▸ Required work: No pictures belong in the copy. Restate the rest of the data exactly.
-- Data excerpt follows --
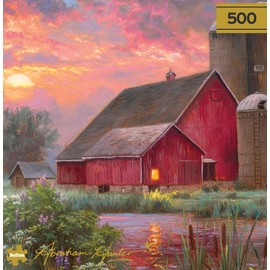 Buffalo Games - Gold - Abraham Hunter - End of Day - 500 Piece Jigsaw Puzzle for Adults - Challenging Puzzle Perfect for Game Nights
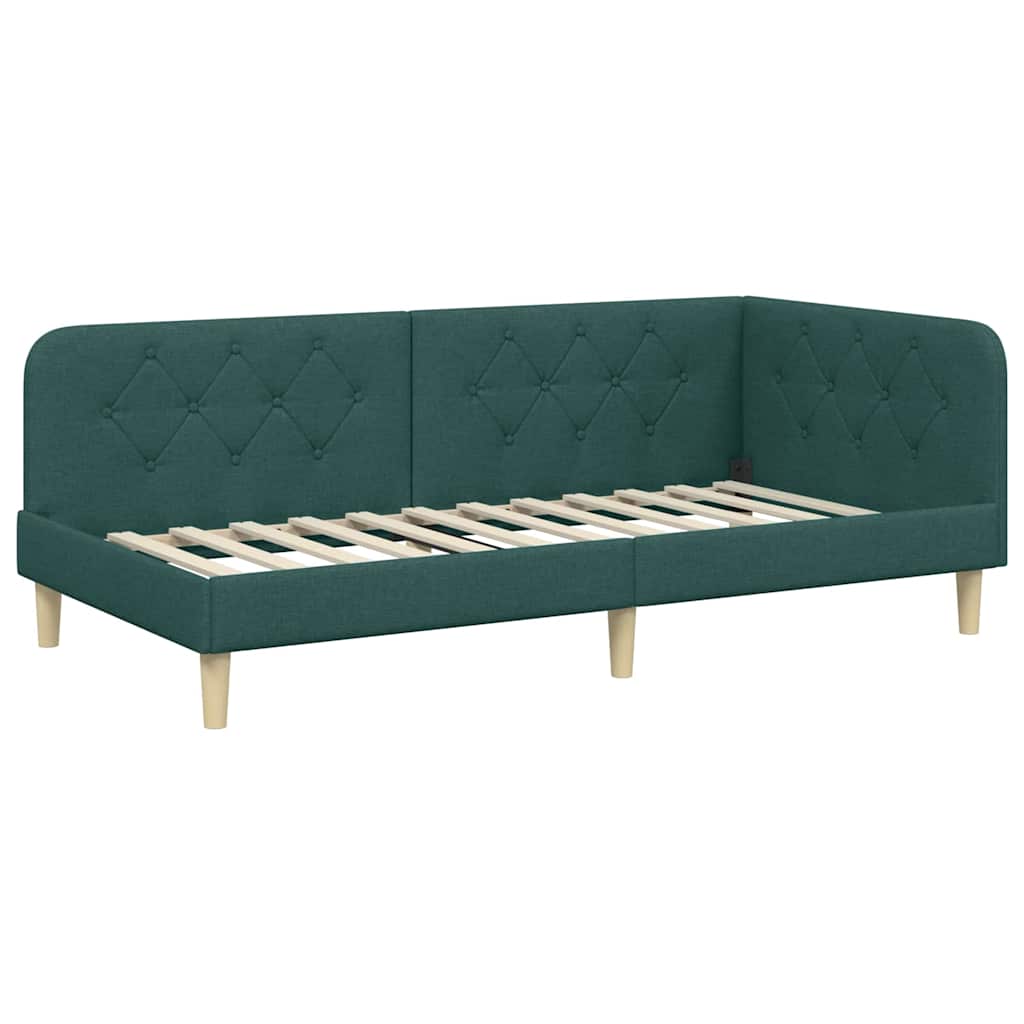 Cornice del letto ad angolo Verde Scuro 90 x 200 cm Tessuto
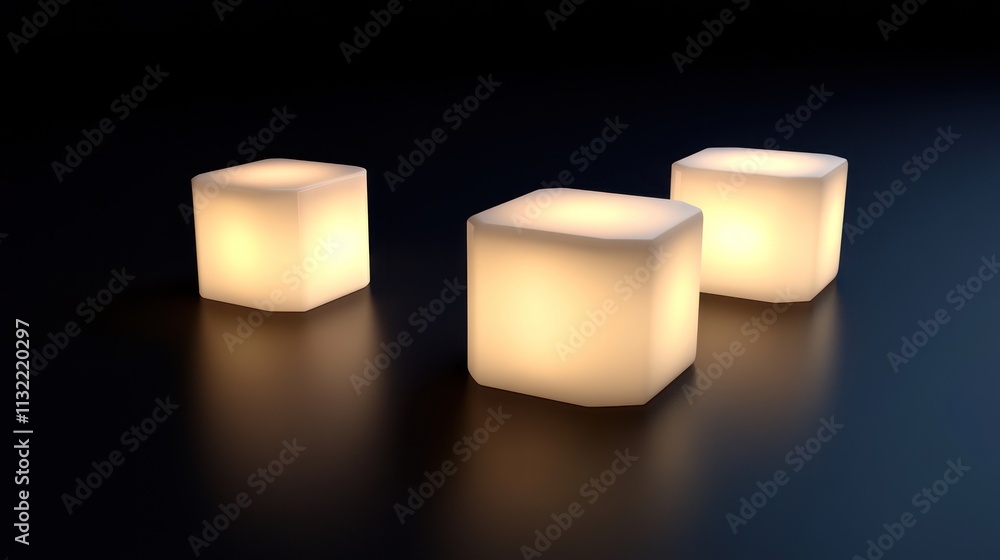 Poster illuminated cubic forms arranged on dark surface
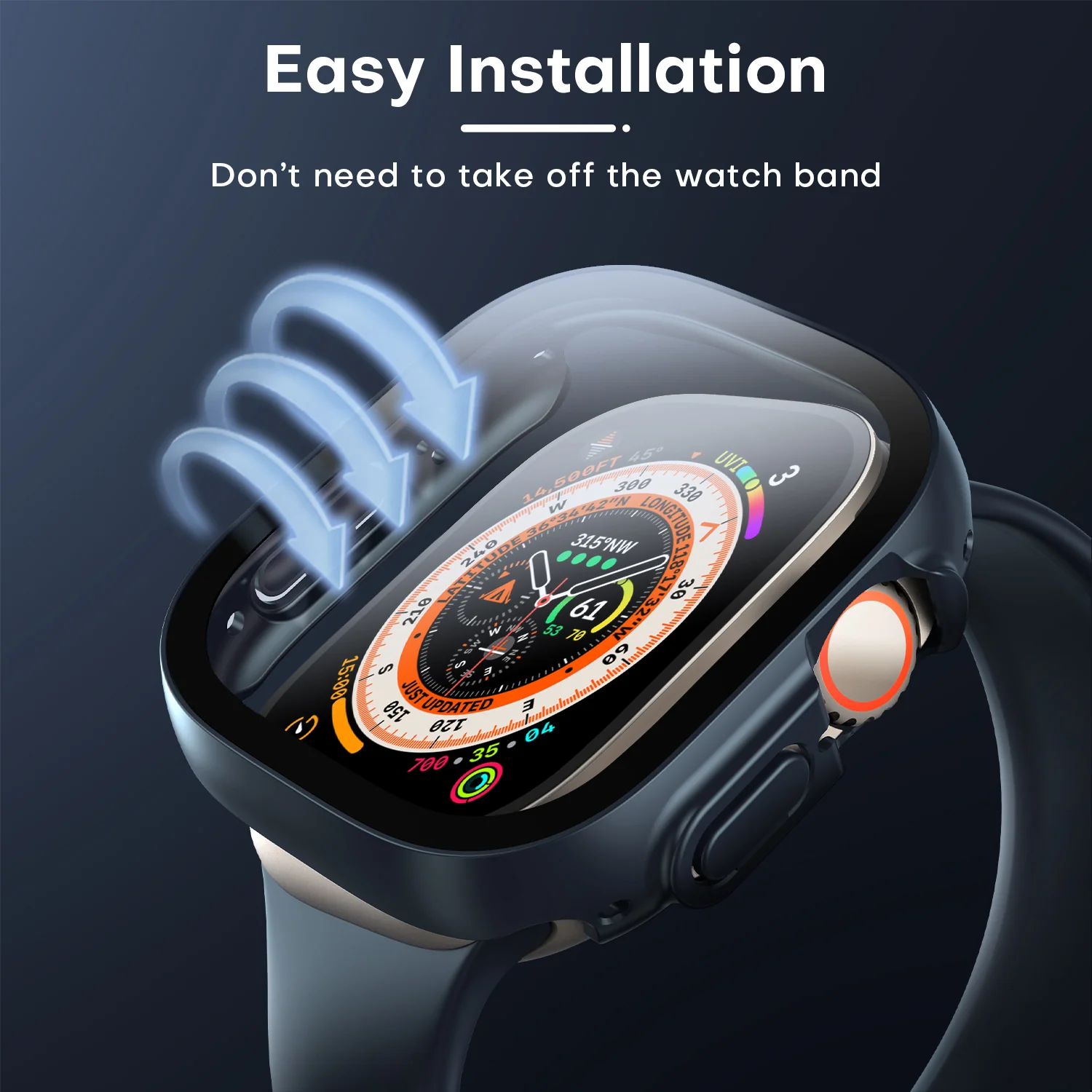 TAURI 2 Pack Hard Case Designed for Apple Watch Ultra 2 / Ultra 49mm, with 9H Tempered Glass Screen Protector, [Touch Sensitive] [Full Coverage] Slim Bumper Protective Cover for iWatch 49mm - Blue - Image 5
-- Data excerpt concluded --
▸ Result for this task:
 Buffalo Games - Gold - Abraham Hunter - End of Day - 500 Piece Jigsaw Puzzle for Adults - Challenging Puzzle Perfect for Game Nights
 Cornice del letto ad angolo Verde Scuro 90 x 200 cm Tessuto
 Poster illuminated cubic forms arranged on dark surface
 TAURI 2 Pack Hard Case Designed for Apple Watch Ultra 2 / Ultra 49mm, with 9H Tempered Glass Screen Protector, [Touch Sensitive] [Full Coverage] Slim Bumper Protective Cover for iWatch 49mm - Blue - Image 5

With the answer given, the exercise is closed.